**Instructions to follow:** What are the lines below, starting at the line containing "I will show" and ending at the line containing "Hello and welcome"? Write them out exactly, ends included, without pictures.

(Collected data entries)
※ ※ ※

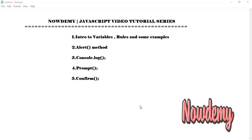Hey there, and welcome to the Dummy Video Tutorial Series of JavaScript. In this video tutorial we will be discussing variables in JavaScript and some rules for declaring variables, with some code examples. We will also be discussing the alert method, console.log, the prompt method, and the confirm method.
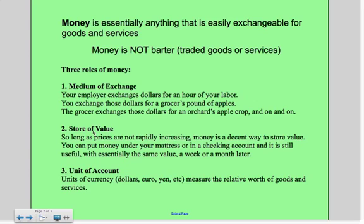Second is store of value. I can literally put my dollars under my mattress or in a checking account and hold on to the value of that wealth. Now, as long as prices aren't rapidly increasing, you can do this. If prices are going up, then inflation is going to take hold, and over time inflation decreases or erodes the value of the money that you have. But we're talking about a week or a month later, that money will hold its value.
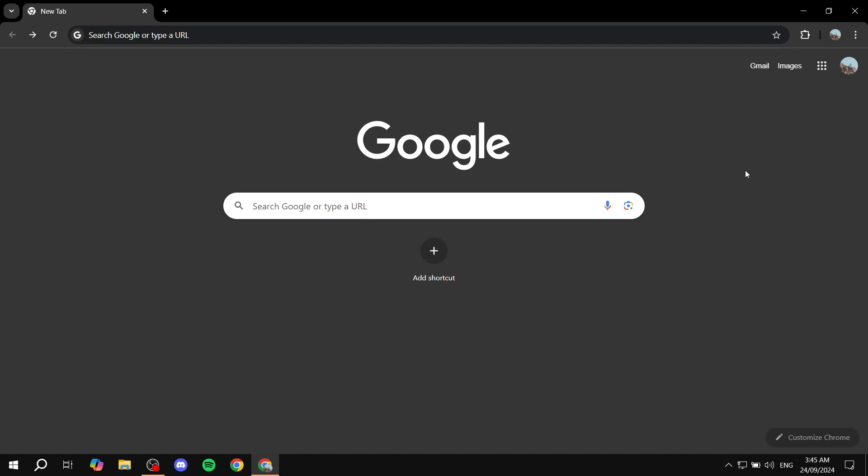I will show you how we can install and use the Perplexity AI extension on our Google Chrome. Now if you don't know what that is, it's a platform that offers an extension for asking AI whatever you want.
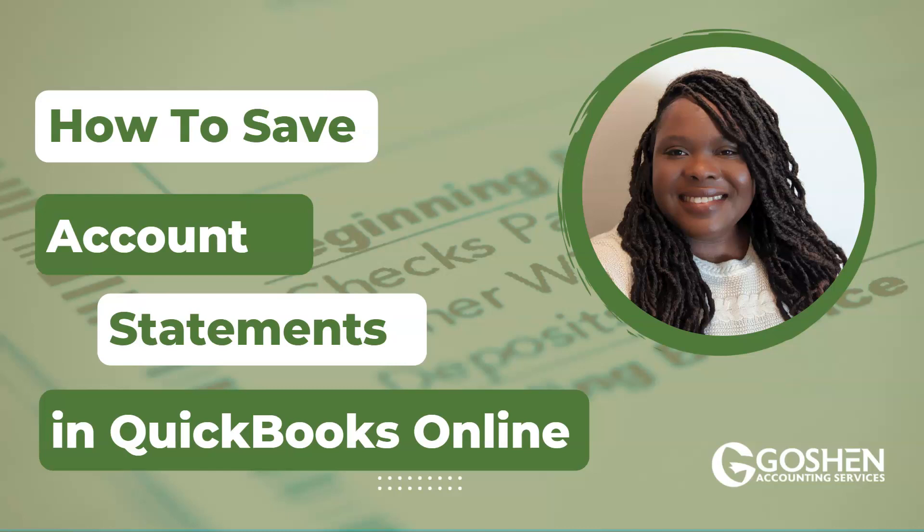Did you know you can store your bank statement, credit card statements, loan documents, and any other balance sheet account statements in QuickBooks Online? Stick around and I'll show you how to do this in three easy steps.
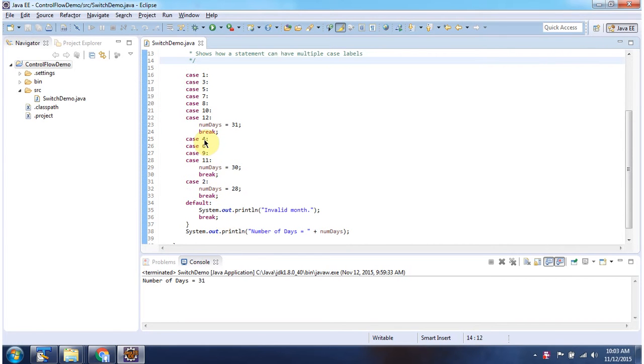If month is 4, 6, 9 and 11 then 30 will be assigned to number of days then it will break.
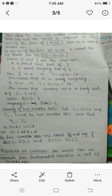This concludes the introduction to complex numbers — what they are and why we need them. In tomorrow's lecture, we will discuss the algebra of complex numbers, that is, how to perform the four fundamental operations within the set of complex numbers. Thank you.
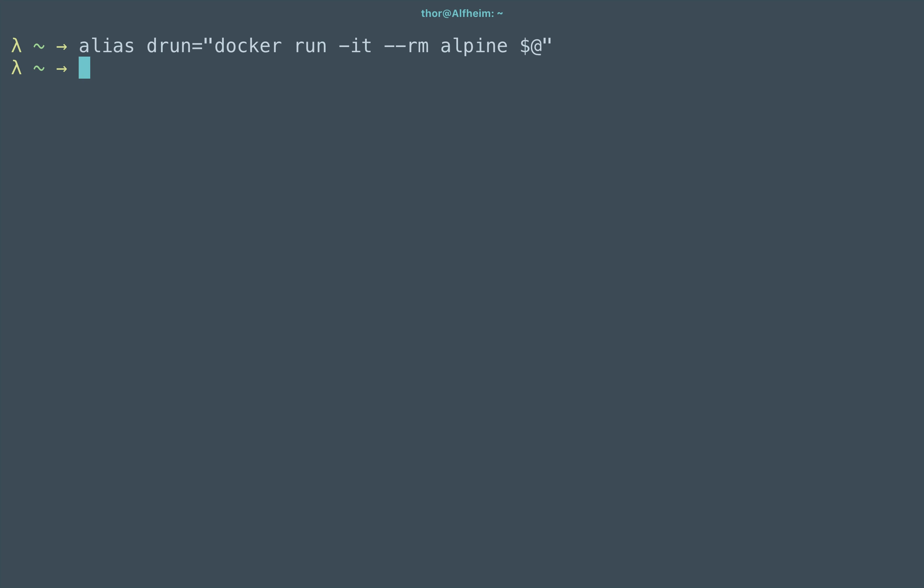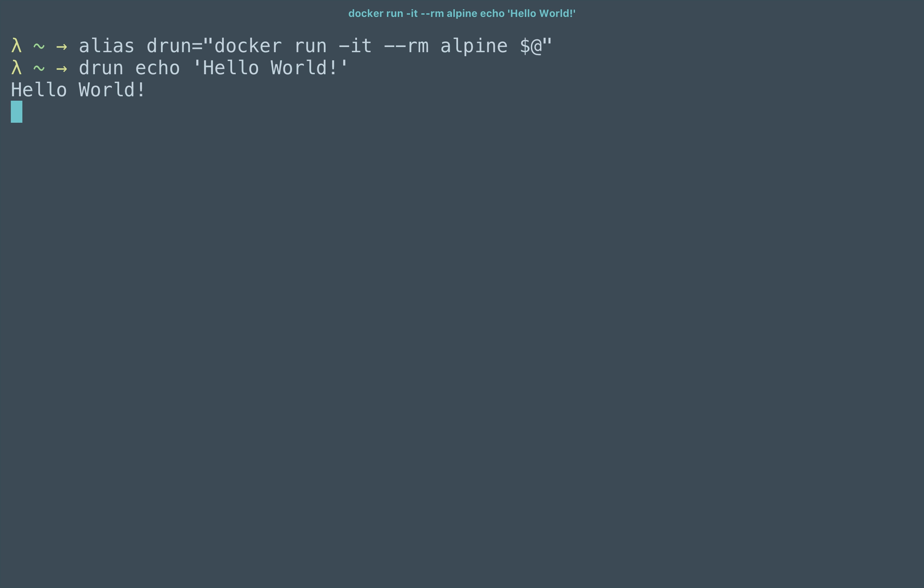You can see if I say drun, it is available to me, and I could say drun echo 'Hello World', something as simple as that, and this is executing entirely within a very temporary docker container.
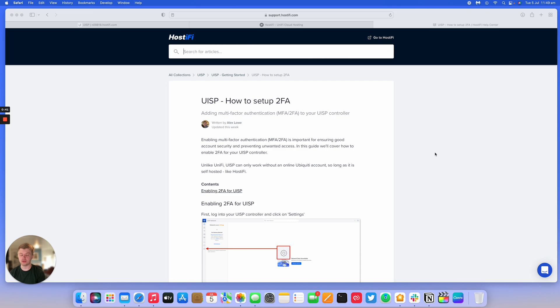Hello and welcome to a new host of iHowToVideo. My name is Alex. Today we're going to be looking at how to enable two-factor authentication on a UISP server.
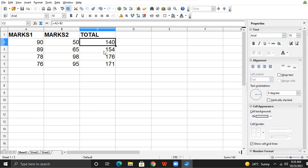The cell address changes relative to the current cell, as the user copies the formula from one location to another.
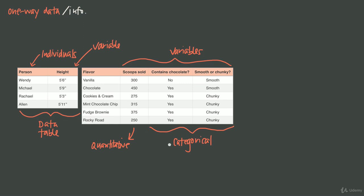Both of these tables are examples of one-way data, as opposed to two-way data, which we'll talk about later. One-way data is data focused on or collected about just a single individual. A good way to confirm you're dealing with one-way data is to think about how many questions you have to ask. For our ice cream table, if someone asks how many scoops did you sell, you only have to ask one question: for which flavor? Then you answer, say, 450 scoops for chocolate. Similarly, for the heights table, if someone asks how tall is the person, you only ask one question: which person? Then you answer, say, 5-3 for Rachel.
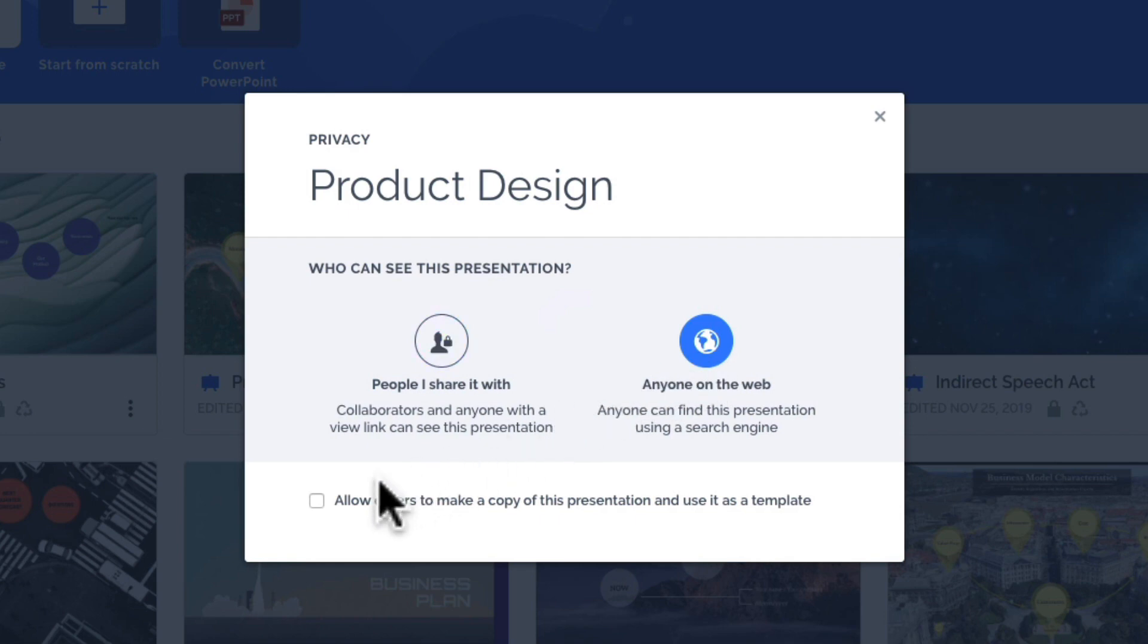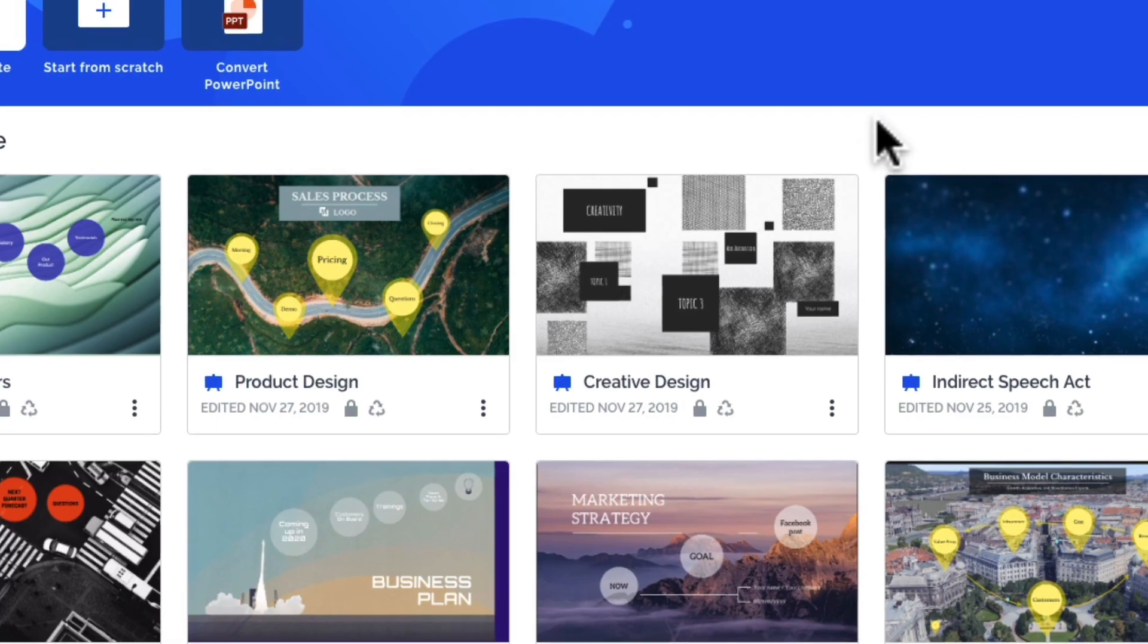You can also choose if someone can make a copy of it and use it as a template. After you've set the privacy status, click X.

※ ※ ※

**Solution for this task:**
I will show you how we can install and use the Perplexity AI extension on our Google Chrome. Now if you don't know what that is, it's a platform that offers an extension for asking AI whatever you want.
Did you know you can store your bank statement, credit card statements, loan documents, and any other balance sheet account statements in QuickBooks Online? Stick around and I'll show you how to do this in three easy steps.
If month is 4, 6, 9 and 11 then 30 will be assigned to number of days then it will break.
This concludes the introduction to complex numbers — what they are and why we need them. In tomorrow's lecture, we will discuss the algebra of complex numbers, that is, how to perform the four fundamental operations within the set of complex numbers. Thank you.
You can see if I say drun, it is available to me, and I could say drun echo 'Hello World', something as simple as that, and this is executing entirely within a very temporary docker container.
Hello and welcome to a new host of iHowToVideo. My name is Alex. Today we're going to be looking at how to enable two-factor authentication on a UISP server.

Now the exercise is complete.